4137.8 6.3 3.93671e-12 0.258612 126000
4139.6 6.23 4.02568e-12 0.258725 124600
4138.94 6.37 3.85067e-12 0.258684 127400
4139.07 6.44 3.76741e-12 0.258692 128800
4139.69 6.47 3.73256e-12 0.258731 129400
4140.65 6.47 3.73256e-12 0.258791 129400

Note that term1 is many orders of magnitude smaller than the rest of the numbers, and term2 is quite a bit smaller than term3, so most of the contribution to the output value comes from just term3. That means that there is little contribution to the result from coefficient b and in term3 the result is determined by a ration of a/c, so as long as a and c are adjusted to keep a/c constant, you will get almost the identical fit.

John Weeks
WaveMetrics, Inc.
support@wavemetrics.com
John Weeks wrote:
It requires that you use the /M=2 flag with FuncFit. Adding /M=2 right after the FuncFit keyword in Steve's FitIt() function I made a correlation matrix for the fit. Here it is:

1 -0.578566 -1
-0.578566 1 0.578565
-1 0.578565 1

Note the off-diagonal values of -1. That indicates essentially perfect correlation between w[0] and w[2]. Looking at your equation, it doesn't appear that there is a true mathematical dependence, but it looks like within the domain of the data, there is little to distinguish a and c.

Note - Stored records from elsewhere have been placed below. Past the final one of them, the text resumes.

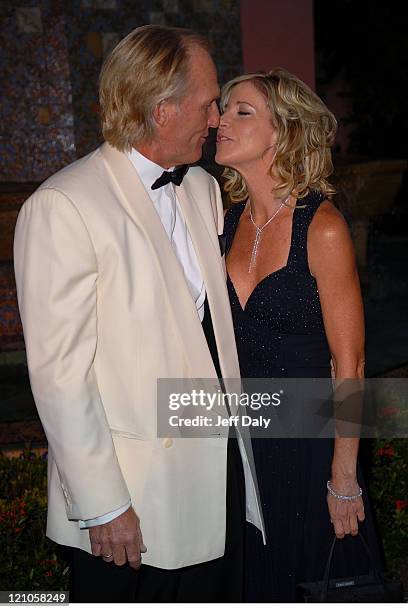Golfer Greg Norman and Tennis Pro Chris Evert attend the Chris Evert/Raymond James Pro Celebrity tennis classic cocktail reception and silent auction...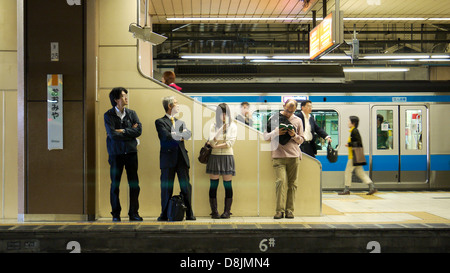 Passagiere, die darauf warten, von der Plattform für ihren Zug am Bahnhof Omiya, Japan Stockfoto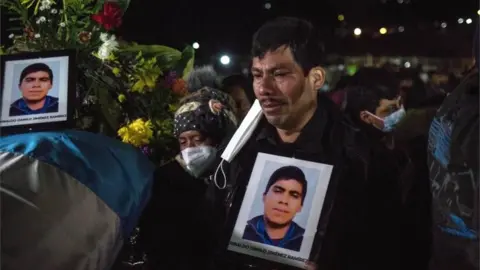 EPA Friends and relatives of the murdered migrants cry as they receive the bodies of their loved ones, in Comitancillo, Guatemala 12 March 2021.
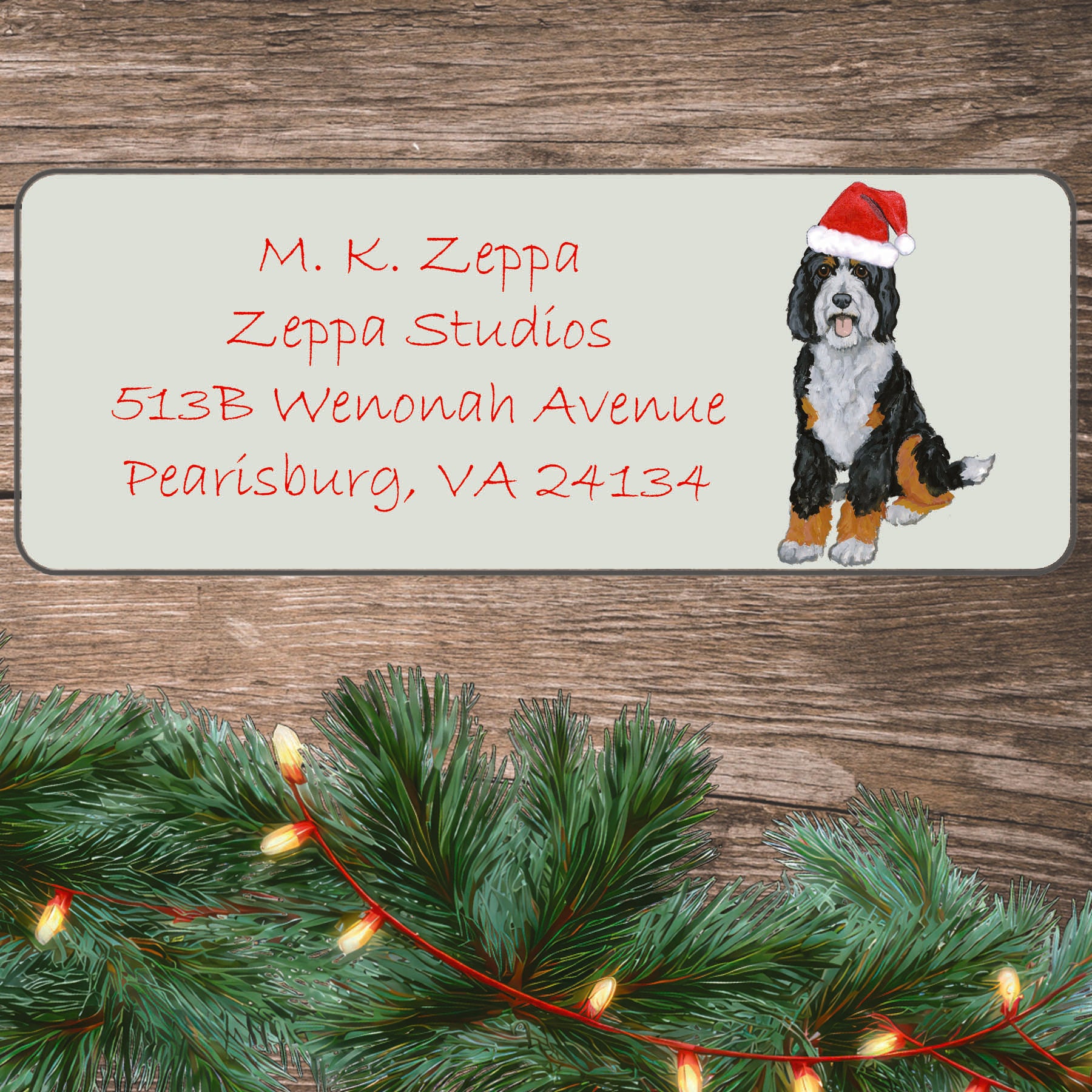 A Bernedoodle wearing a Santa Hat illustration on an ivory return address label set off by a wood surface with holiday greenery background.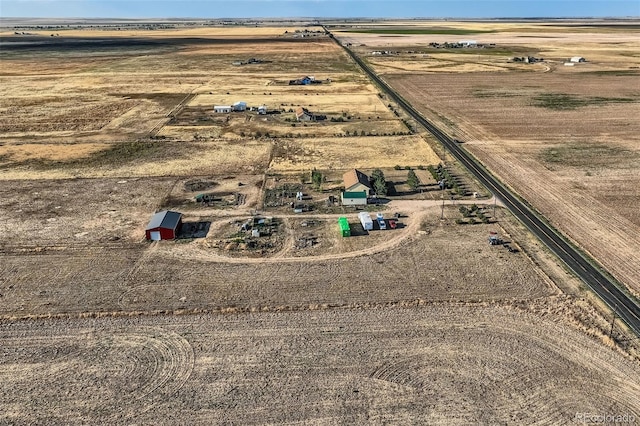 birds eye view of property featuring a rural view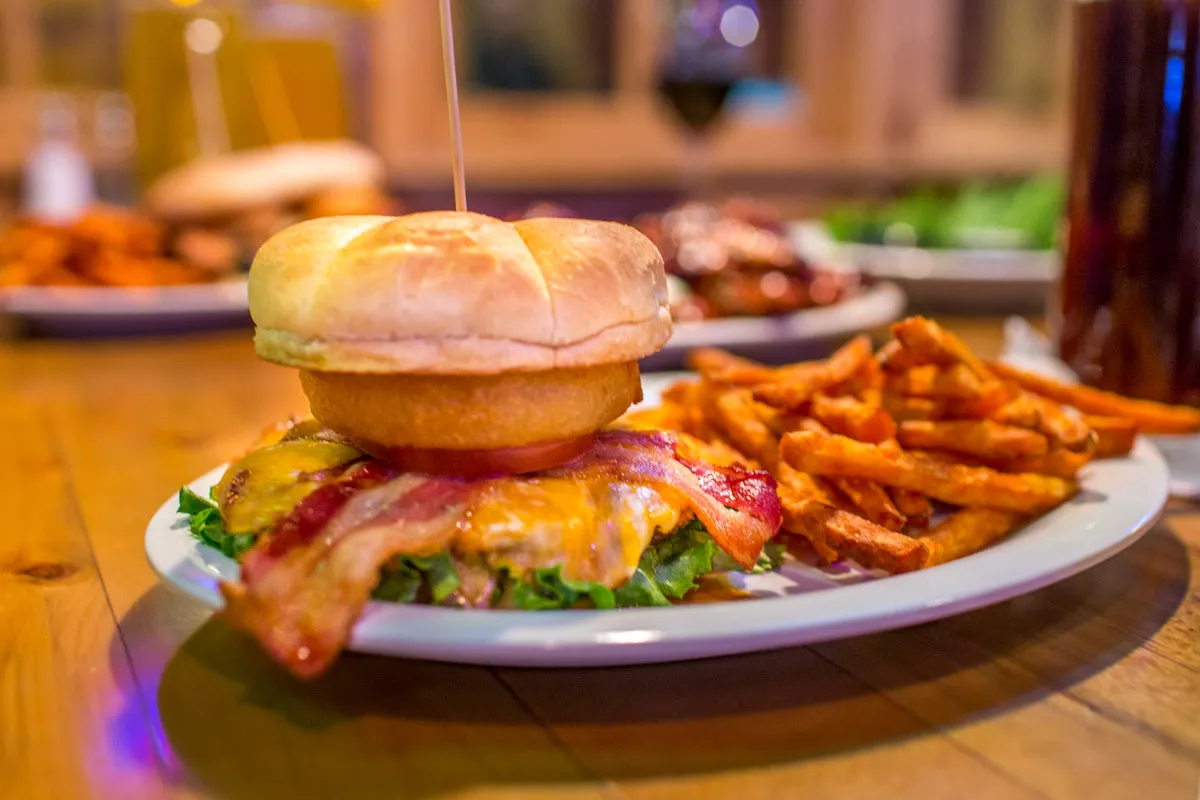 Bacon cheeseburger with lettuce, tomato, onion ring, and a side of sweet potato fries on a white plate.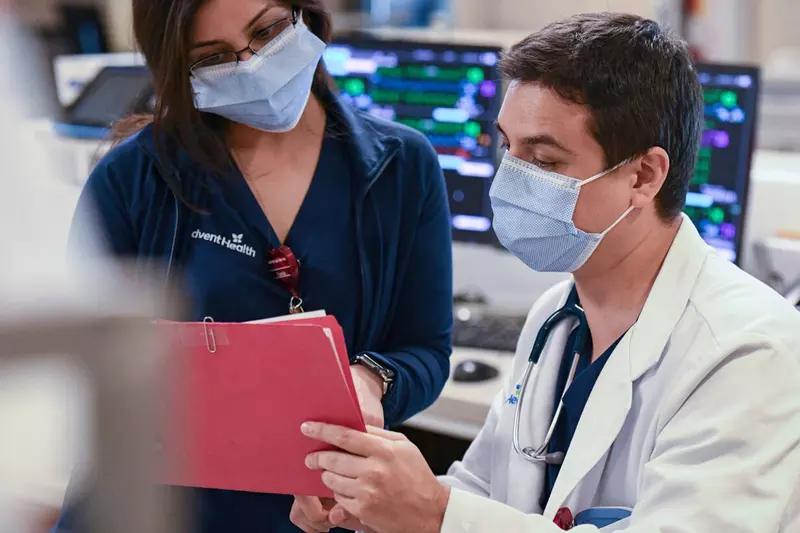 An Adventhealth physician and nurse going through a patient's file.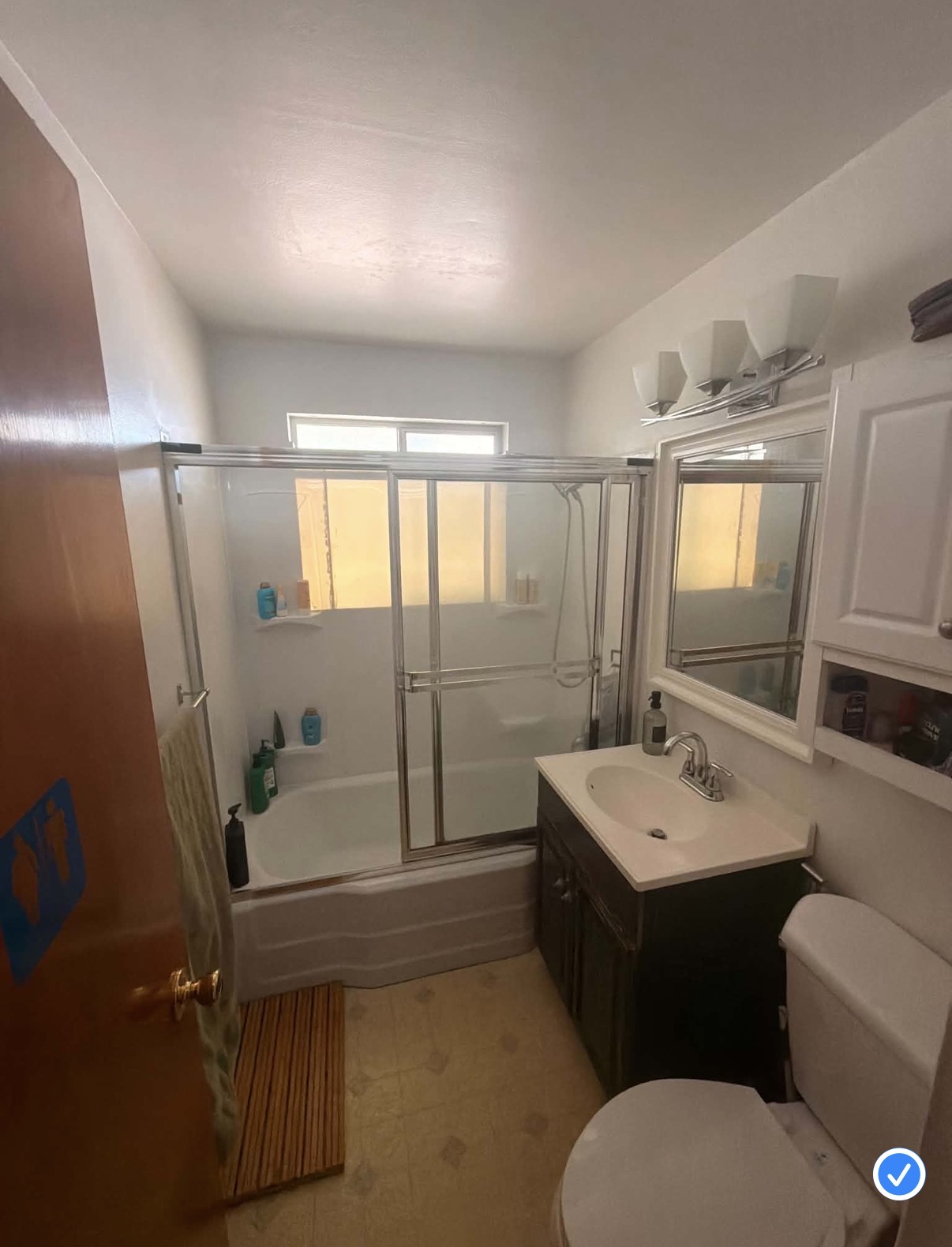 Guest bathroom before and after a sage and brass update — before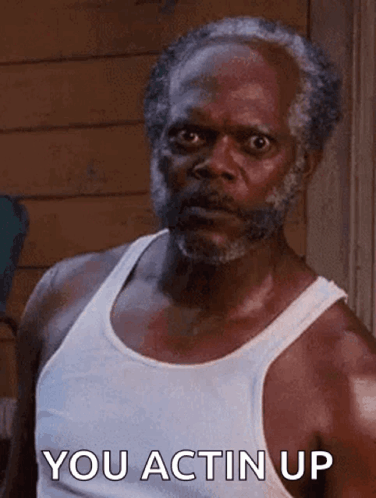 Bearded Man in White Tank Top You Actin Up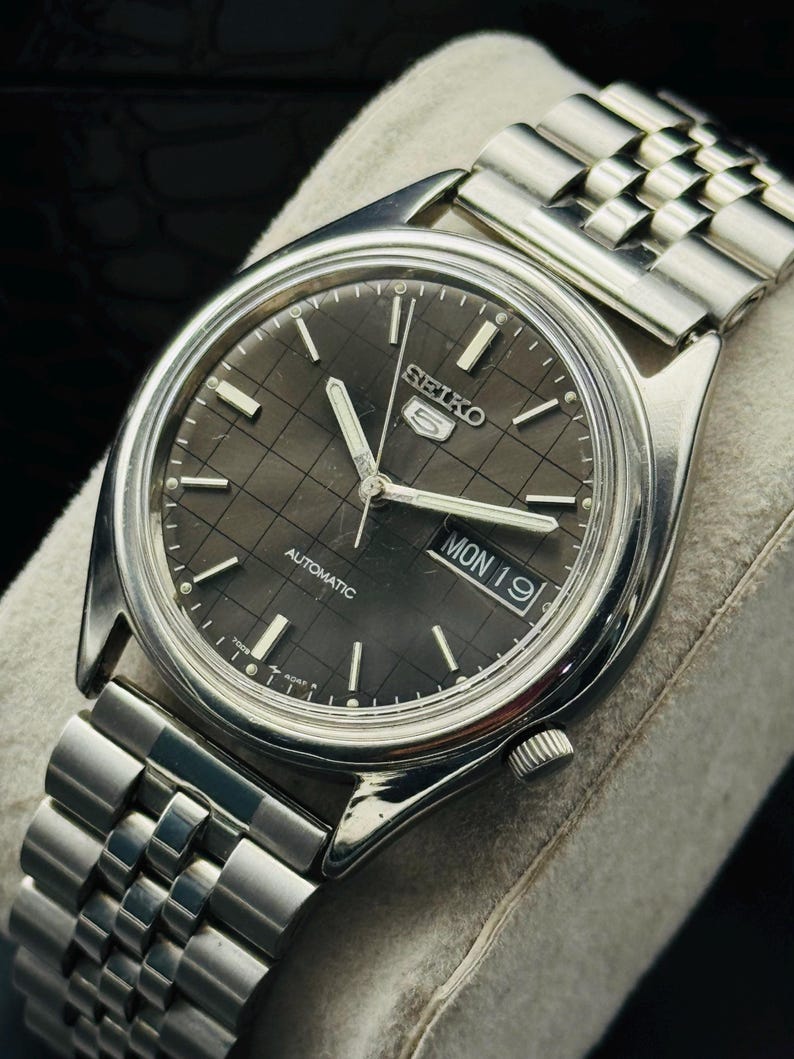 Op de afbeelding: Een zilverkleurig Seiko 5 automatisch horloge met een donkergrijze geruite wijzerplaat. Het horloge heeft een dag- en datumweergave en een zilveren schakelarmband. Het horloge wordt gepresenteerd op een lichtgrijze ondergrond.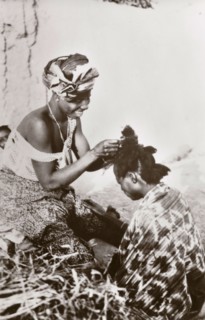 Hairdressing in Jos'. A Nigerian hairdresser smiles as she styles a customer's hair. Jos, Nigeria,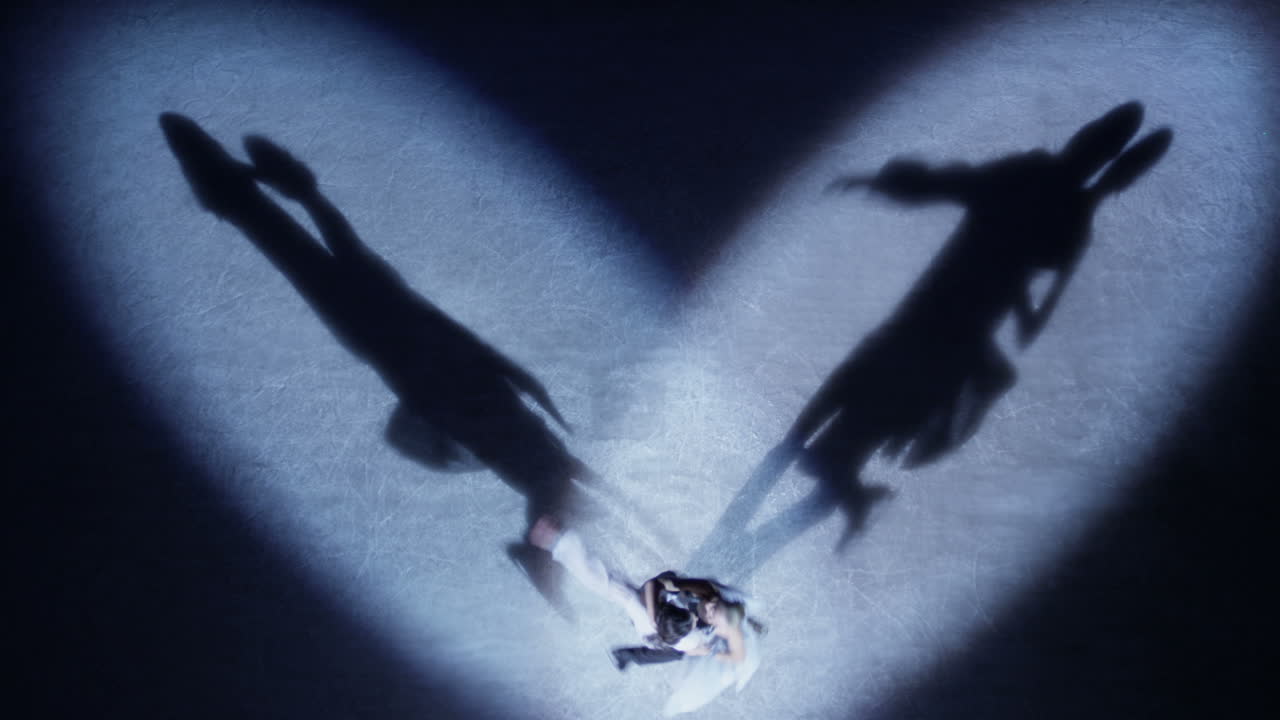 피겨 스케이팅 선수 들 이 스포트라이트 에서 사랑 의 춤 을 연주 하고 있다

IF one accepts the premise that a hidden correlation forces a = -c, then the original equation from yuzhongbo simplifies to the extent that there is an explicit, rather than implicit, relation among the variables (if I have done the math right).
Function FitCurve(w,x) : FitFunc
    Wave w
    Variable x

    //CurveFitDialog/ These comments were created by the Curve Fitting dialog. Altering them will
    //CurveFitDialog/ make the function less convenient to work with in the Curve Fitting dialog.
    //CurveFitDialog/ Equation:
    //CurveFitDialog/ f(x) = c*( 0.5/sqrt(1-4*x/b) + x/b -1 )
    //CurveFitDialog/ End of Equation
    //CurveFitDialog/ Independent Variables 1
    //CurveFitDialog/ x
    //CurveFitDialog/ Coefficients 2
    //CurveFitDialog/ w[0] = b
    //CurveFitDialog/ w[1] = c

    return w[1]*( 0.5/sqrt(1-4*(x/w[0])) + (x/w[0]) -1 )
End

The resulting explicit fit gives the following results and attached graph.
  Fit converged properly
  fit_waveY= fitcurve(w_coef,x)
  w_coef={16651,0.99155}
  V_chisq= 72.5424;V_npnts= 296;V_numNaNs= 0;V_numINFs= 0;
  V_startRow= 0;V_endRow= 295;
  W_sigma={2.31,0.0148}
  Coefficient values ± one standard deviation
    b   =16651 ± 2.31
    c   =0.99155 ± 0.0148

I would suggest that the original fitting model warrants re-examination.
ExplicitFit.png (34.82 KB)
It is beyond my knowledge to modify the aforementioned equation, which describes molecular behavior. However, I do learn a lot through this thread, particularly for implicit fitting and identification problem. Great thanks to you guys for this wonderful discussion.